C'est ainsi qu'en 1958, par exemple, il se trouve au Liban lorsqu'a lieu l'insurrection contre Camille Chamoun. Édouard Boubat ne jouera pas au reporter, préférant immortaliser ce moment de tendresse entre une petite fille et un pauvre vieillard dans son abri en carton et papier journal.
Est-ce de ce traumatisme de jeunesse qu'est née sa prédilection pour une représentation du monde en noir et blanc ?
« En dehors des photos de commandes, il préférait effectivement l'utilisation du noir et blanc. Il affirmait qu'il arrivait à mieux exprimer son art, ses émotions, ses sentiments en noir et blanc. C'était son instrument de musique, son moyen de nous transmettre sa vision avec plus de vérité, d'acuité et de force. De poésie aussi.

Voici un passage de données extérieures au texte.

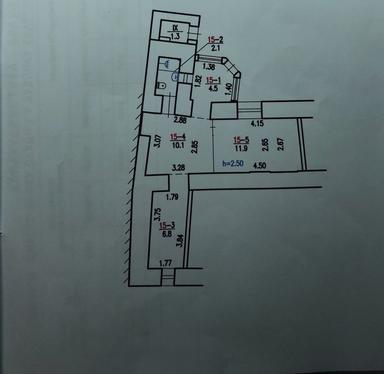 1-кімнатна квартира за адресою вул. Ужгородська (площа 37 м²) - Atlanta.ua - фото 17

Pour lui la couleur n'était pas importante », confie son fils.

Surtout ne pas agresser...
« Respecter l'être humain, le mettre au centre de son travail, le montrer tel qu'il est dans la vie de tous les jours et, surtout, ne pas l'agresser, le prendre en photo presque avec sa permission », voilà ce qui était important pour ce roi de l'instantané, dont aucune photo n'était composée.
« Ce n'est pas la technique qui crée l'art, mais le regard », disait Édouard Boubat. Son regard à lui, empreint de poésie, a le don d'entraîner ceux qui le suivent dans une lumineuse et apaisante invitation au voyage. Sur les rivages du temps et d'une nostalgie souriante.
À découvrir absolument. Jusqu'au 10 février.

* Siège central, avenue Élias Sarkis, Achrafieh. Horaires d'ouverture : du lundi au vendredi de 16h à 20h, les week-ends de 10h à 15h.